By way of contrast, let me describe the methods of my favorite art teacher.
First, she made us comfortable. She made tea. Sometimes there were crackers or little cookies to nibble on. We talked about our week, and how we were feeling that day. Sometimes a student was tired or just "not feeling it today" and would abstain from painting. Instead, they would watch the rest of the class and provide encouragement. This had the double benefit of giving them a break (you can't force art) and making the process feel more like a team effort.
Next, she helped us find ideas. You can't just sit down to paint. You need to have something in mind that you want to work on. Often, this is the hardest part of the creative process - just getting started. Sometimes she would bring a curious object. "I found this wierd lamp at a yard sale!" she would say, holding up some ugly glass thing. "Anyone want to paint it?" Often, she took us outside, where the light and subjects were always changing, and inspiration was much easier to find. If we brought our own ideas to work on, she encouraged that heartily.
She engaged with our art on its own merits, not based on what she wanted us to produce. Once we were sitting in the alley, painting a scene of the fence and trees in her back yard. She came to look at what I was working on, and asked me "tell me about your piece." This gave me the opportunity to describe what I had picked and why. "I liked the way the light was coming through the tree and breaking up on the fence. See? I'm painting the speckles." She nodded. "That's great!" she would say with real enthusiasm. She meant the idea, not the painting - she was encouraging the process, not the mechanics. She did not say things like "your fence lines are all wavy" or "this shading is all wrong." She might, however, after asking several questions about the choices I had made and the techniques I had chosen to employ, offer some advice about technique. "You're spending a lot of time in this corner of the paper. See if you can fill the whole sheet." This had the effect of stretching me, encouraging me to build on what I had already achieved. It buoyed me, and made me want to work harder. If she had criticized my fence lines, do you think I would have felt buoyed? I don't think so.
The way writing is taught can be this way. It SHOULD be this way.
Writing is a creative process, and writers get better with practice. Too much focus on mechanics, like spelling and handwriting, gets in the way and discourages people from the real meat and potatoes of writing - the analysis, the expression. Does a 9th grade English teacher really think they are going to improve on a student's handwriting at that point? Are they really going to succeed where the 3rd grade teacher, who spent considerably more effort, has failed? If a person has bad hand-writing by the 9th grade, they probably always will. Give that student a computer and never look back. And as far as spelling goes, that is something that improves the more a person READS. Correcting spelling is important, but it should happen at the end of the editing process, never near the beginning of the writing process. And this is where a computer can shine, too. Students should be taught not to trust spell check or auto-correct completely, but to use them as tools to help find errors, which are difficult to see even for the most experienced of writers.
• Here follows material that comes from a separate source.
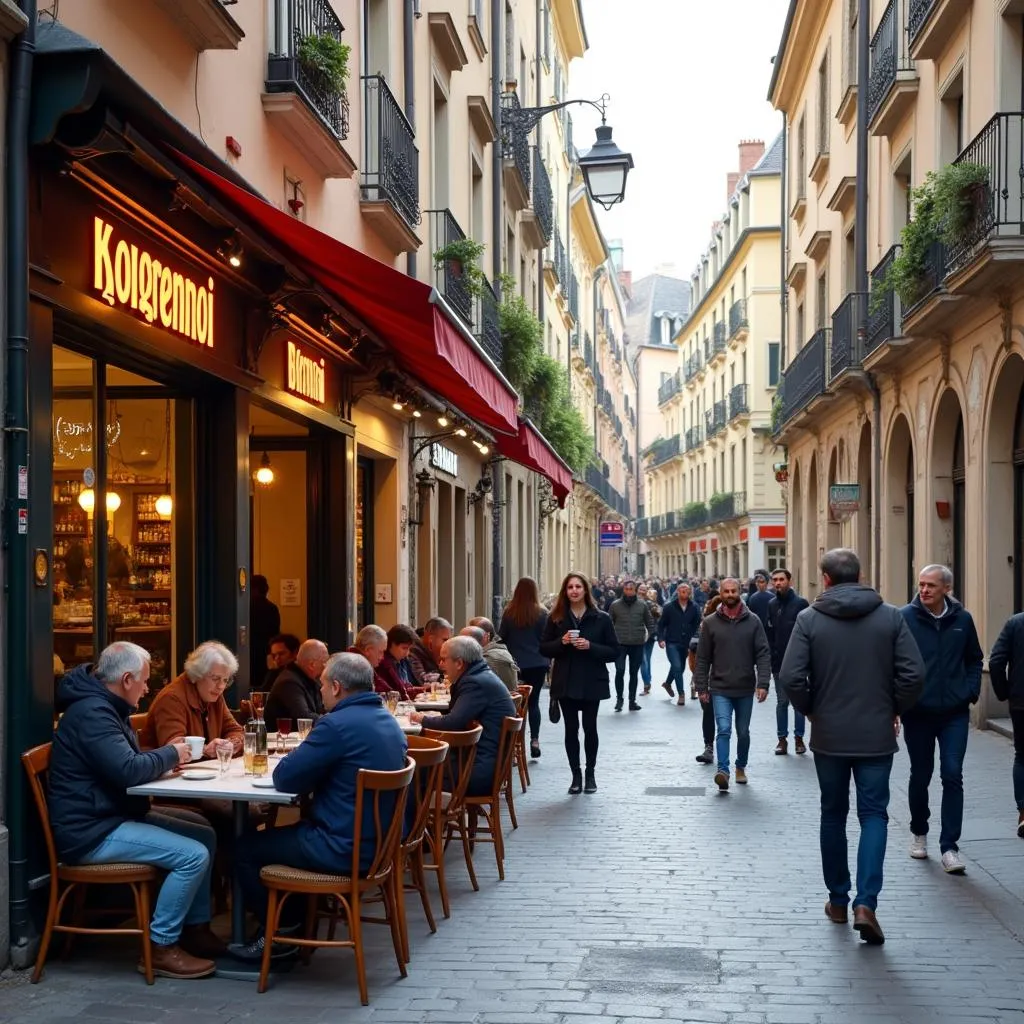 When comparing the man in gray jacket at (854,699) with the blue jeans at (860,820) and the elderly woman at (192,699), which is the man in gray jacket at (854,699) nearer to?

Writing, a skill so needed to be successful in our modern society, must be taught in such a way that it does not terrify or shame the student. Here is a hypothetical way that a writing teacher could adapt the methods of my favorite art teacher, and in fact, a poetry teacher of mine did many of these exact things.
First, encourage students to WANT to write. By 6th grade, many of my classmates had come to view writing as some form of punishment. Perhaps if they had been invited to write about something that was of interest to them, they would have been more inclined. For example: you like model planes? Here is a book about it. Write me a page about anything you loved in here. That sort of method works for some people. For others, writing seems like a boring, pointless pursuit. Appeal to them on practical grounds. Don't like the way the city runs the parks? Write them a letter. Don't like the way the movie theater overcharges for popcorn? Write a complaint. Write a review. Want to get a scholarship? Write an essay. For people who don't enjoy the expressive or explanatory aspects of writing, it's important to show them its practical value as a tool for getting what they want in life.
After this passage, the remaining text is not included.